→ The task:
Repeat the data in full. Drop every picture.

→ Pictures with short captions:
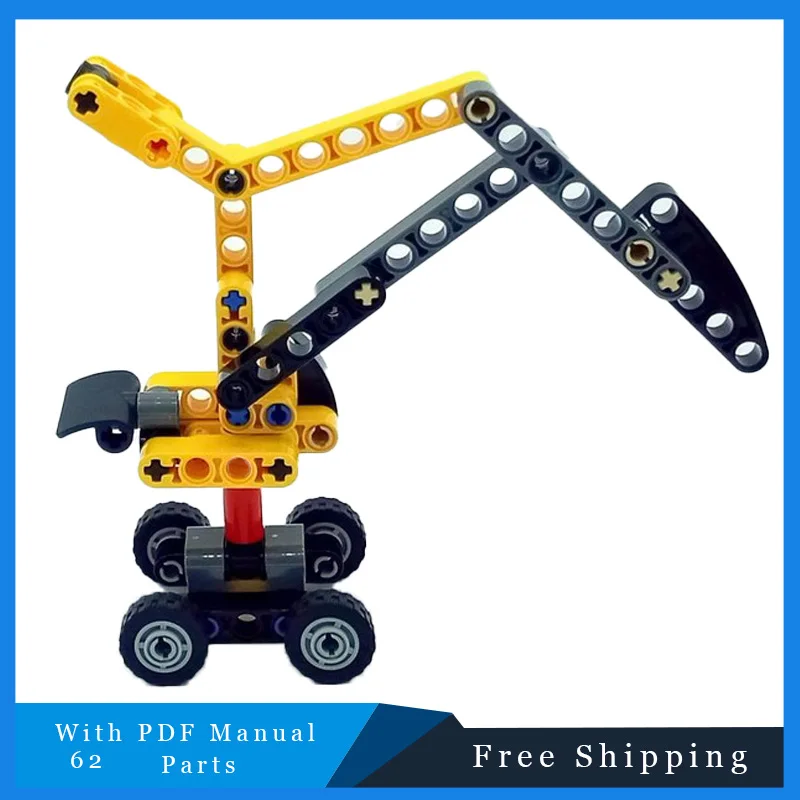 62 PCS Crane Models Building Block MOC City Construction Engineering Vehicle Bricks Educational Toy Boys Birthday Christmas Gift
62 PCS Crane Models Building Block MOC City Construction Engineering Vehicle Bricks Educational Toy Boys Birthday Christmas Gift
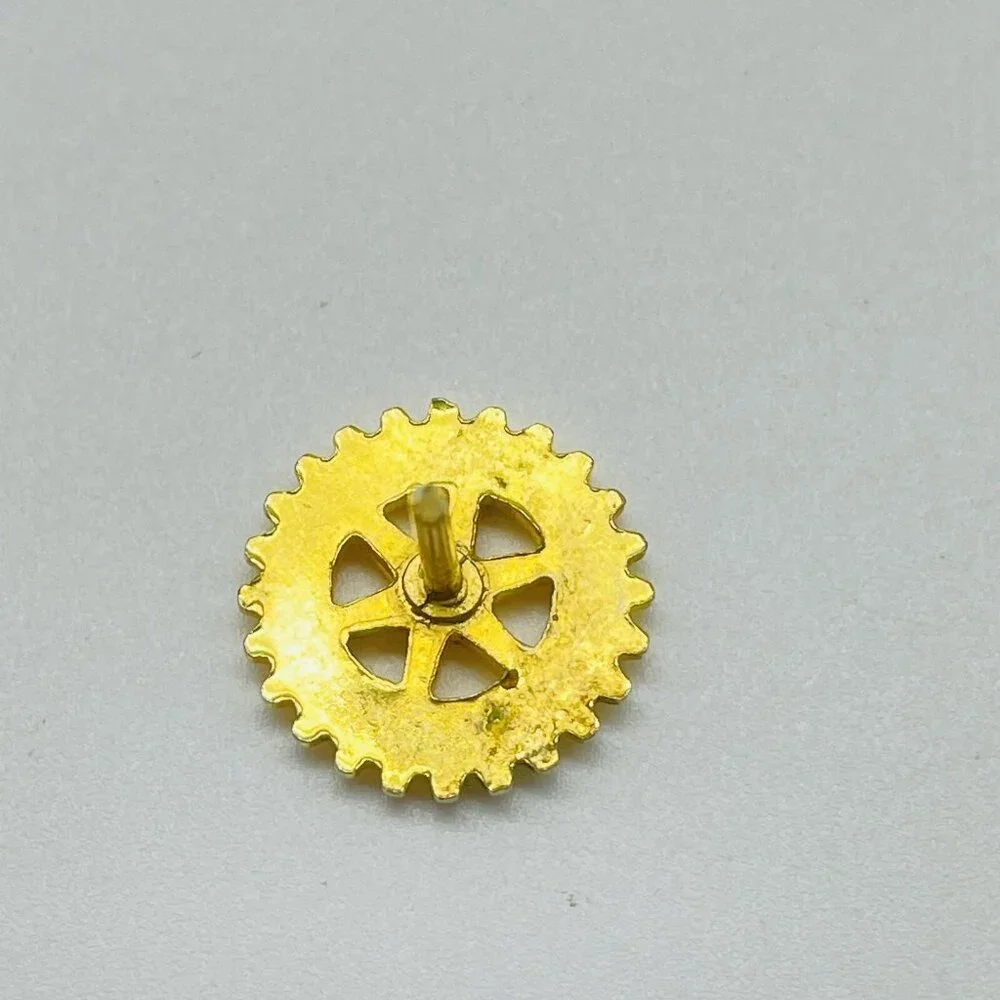 Vintage Rotary International Tie Tack Chain Lapel Pin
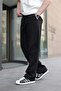 Comfortable Cut Men's Black Trousers with Leg Detail 6532 - 2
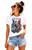 Womens France Trash Water Colour French National Flag Lady Fit White T-Shirt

→ Result for this exercise:
 62 PCS Crane Models Building Block MOC City Construction Engineering Vehicle Bricks Educational Toy Boys Birthday Christmas Gift
62 PCS Crane Models Building Block MOC City Construction Engineering Vehicle Bricks Educational Toy Boys Birthday Christmas Gift
 Vintage Rotary International Tie Tack Chain Lapel Pin
 Comfortable Cut Men's Black Trousers with Leg Detail 6532 - 2
 Womens France Trash Water Colour French National Flag Lady Fit White T-Shirt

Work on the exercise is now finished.